First Tee conducts programs at Canal Shores in the spring, summer and fall. It’s also partnering with the Western Golf Association for continued youth engagement. The WGA, which runs a caddy program, offers the Evans Scholarship to high-achieving caddies with limited financial means.

The scholarship covers college tuition and housing, with about 1,100 Evans Scholars enrolled at 22 universities for the 2022-23 academic year. The scholarship has nearly 11,815 alum since 1930, when it was first introduced.

“We have a direct pipeline into the caddying program that the Western Golf Association offers. The overarching goal there would be that kids could, hopefully, become Evans scholars,” Jesse said.

The caddy program aims to begin with a class of 20 to 25 students, with a path to the scholarship, said John Kaczkowski, WGA president and chief executive officer.

“We’ll start the program small and hopefully we’ll grow that to something larger. But it really will depend on the interest level of young men and women from the surrounding community,” he said.

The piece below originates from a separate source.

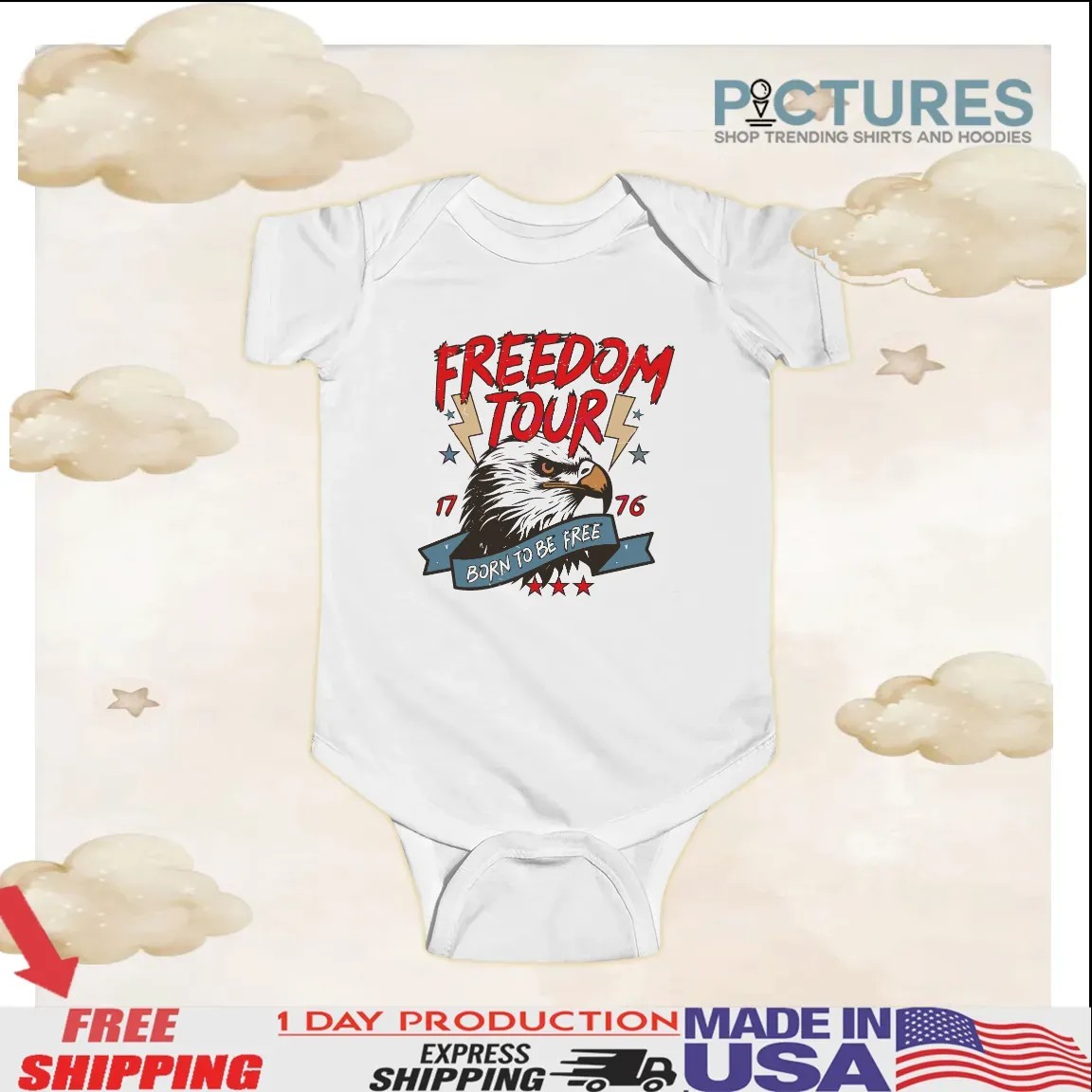 4th Of July Freedom Tour Born To Be Free Eagle Est 1776 T Shirt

The Evanston Wilmette Golf Association, a nonprofit group, oversees the golf course. Canal Shores falls under the jurisdiction of three public bodies: the Metropolitan Water Reclamation District, which owns the land; and the City of Evanston and village of Wilmette, which lease the property from the district and sublease it to the Evanston Wilmette Golf Association.

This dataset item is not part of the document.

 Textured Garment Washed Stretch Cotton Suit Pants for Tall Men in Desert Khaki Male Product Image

The renovation timeline calls for closing the course for nearly 10 months, with a deadline to break ground June 1 and a phased-out scaling back through Aug. 1. Out of Space concerts are set to resume this summer but the course will be closed for tailgating and fall bird walks, according to Matt Rooney, president of the Evanston Wilmette Golf Association board.

While the revamp will improve the greens and fix drainage issues, youth development remains a key goal.

“We’re going to be giving people an opportunity here, to go to college on a scholarship, which we don’t have right now – which is a tremendous enhancement for us and for the community,” Rooney said.

Manan Bhavnani

Prior to joining the RoundTable, Manan Bhavnani covered business and technology for the International Business Times, with a focus on mergers, earnings and governance. He is a double Medill graduate, with...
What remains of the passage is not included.